[Flac-dev] Re: Lossless AMI ADPCM

Josh Coalson j_coalson at yahoo.com
Thu Jun 28 14:07:43 PDT 2001

I'm copying the flac-dev list to see if anyone has any
feedback also...

--- Juhana Sadeharju <kouhia at nic.funet.fi> wrote:
> Hello again. I had time to check the paper out. I have filled the
> steps given in the paper with formulae, and then written a piece of
> C code. It is not complete code, but could be a reasonable start.
> Maybe there is one typo in the paper -- I have pointed out it in
> my notes below -- please check. This is only encoder, and I don't
> know what Q, L and S exactly are -- perhaps Sox's AMI ADPCM code
> could tell that; I have not yet checked at it.
> [C pseudo-code snipped]

This is referring to the following paper:


> What do you think about the algorithm given in the paper, and
> should we implement it to FLAC?
> The paper writes about 1:5 compression ratios, but I'm not sure
> could it be true with pop music. For sure 1:4 ratio would be
> a great thing to have, compared to FLAC's 1:2 ratio.

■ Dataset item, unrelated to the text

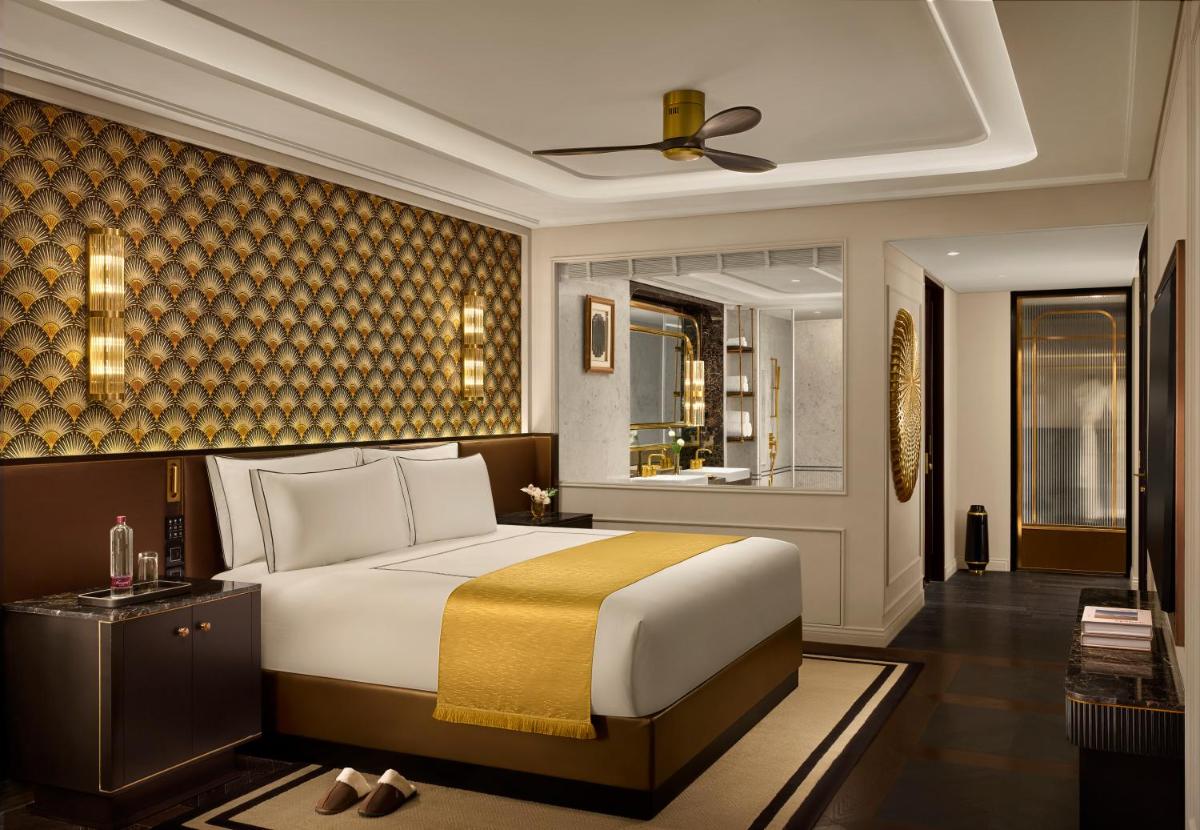 a bedroom with a large bed in a room at Fairmont Mumbai in Mumbai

I don't think this method is relevant to FLAC and here's why.

First, the results they show are for compression of data
that has already been lossily quantized to fewer bits per
sample, e.g. u-Law and A-Law are logarithmic quantizations
of 16-bit data to 8-bit.

Second, the average ratio (assuming the table describes
ratios, since the omitted the units) for 44.1kHz audio
is 3:1.  They only vaguely mention the sources for the
material.  I can choose material that gives those ratios
even for linear PCM.

Aside from that, their prediction idea is to use a very
large filter kernel (thousands of taps), and adapt the
kernel instead of transmitting it for each frame.  A
long kernel theoretically means more accurate prediction
because of the long time correlation, especially since
audio data is highly oversampled most of the time.  It
is apparent their method is geared for speech and I
think is not so good for general music compression, for
a few reasons:

1. Computing such a large filter is computationally
expensive.  Standard autocorrelation->Levinson-Durbin
will be too slow.  So they use RLS, which has stability

2. They can use Huffman encoding on the residual because
the alphabet is small (since the samples have already
been quantized down to 8 bits or less).  If you are
working with 16-bit or 24-bit data, generic Huffman is
not practical because of the dictionary size.  That's
why most (all?) such codecs use Rice coding.

I have done some tests with long kernels and it does
not buy very much extra compression.  Most of the slack
can be taken up with better entropy coding.